15 Jul I am enough from Kelly Rae Roberts
photo of Kelly Rae courtesy of Andrea Scher
I’m not sure why it never occurred to me before, but the biggest thing I’ve learned about myself this year is this: I am a perfectionista. And it sort of sucks.
I’m realizing that I go WAY above and beyond what’s expected of me in just about every situation of my life: in my creative business (which translates into a LOT of hard work, late nites, and feelings of sadness the minute I think I disappoint a biz partner or student or customer), in my personal relationships (which translates into my never feeling like I’m giving enough), and in my relationship with myself (which translates into an inner dialogue that goes something like this, “do more, love more, contemplate more, evolve, and do it faster.”).
Add a pregnancy (my first ever!), a big move, a major home renovation (my first ever!), and giant creative biz deadlines/endeavors, and my inner perfectionista is seriously having the time of her life. Everyday, we battle. She pushes in with “get your shit together, Kelly Rae. You aren’t eating enough veggies for your unborn baby,” or “Those wall paint colors you chose for the renovation house are close, but not perfect. Try again” or “You’re first e-course seems to be a hit, but you are making big mistakes with it.” My heart pushes back with all its heart + soul counter language, all the firm yet loving boundaries that generally work like a charm. Most of the time, my heart wins. Because love (even toward ourselves) always wins.
But it’s a constant struggle, especially inside those months where my inspiration seems to have the reigns and I’m just along for the ride. It usually means weeks and weeks of feeling like I’m caught in the whitewash of the surf, just getting hammered by the give and take of the momentum. Or it means an acute awareness of knowing that many people (creative biz partners, students, family, etc) are depending on me to do my very best, to show up and succeed. And let me just say, I’m very good at meeting other’s expectations. I’m a great student, always aim to please and work hard for that A+ grade from you, my family, my friends, my students, my husband, myself. Totally exhausting, right? I know!
Intellectually I know I am enough. I know that I have the capacity to hold a lot of love, chaos, and inspiration. I know that I thrive when juggling multiple balls in the air, that I enjoy it. I know that I am supported and deeply loved whether or not I ever do or accomplish anything ever again. I know that in the end none of this really matters except love and faith and tenderness and brokenness and being open to the rushing in of all of it.
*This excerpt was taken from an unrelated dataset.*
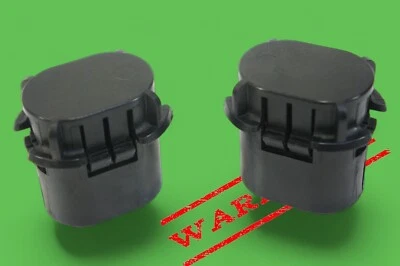 06-2011 mercedes ml350 gl450 r350 radiator upper mount bracket spacer stand pair - Image 1 of 4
But what I’m learning, I suppose, is that my own heart needs to catch up with my intellect already knows: that I am worthy. That it’s me (not you, my family, my friends, my community) that sets the bar of what’s expected and that it’s me that gets to determine that I am indeed enough – not based on what I do, how many A+’s I can collect, but rather who I am. That my inner perfectionista is just a mere inkling of a thought and that my spirit’s capacity is beyond measure of any horizon on earth.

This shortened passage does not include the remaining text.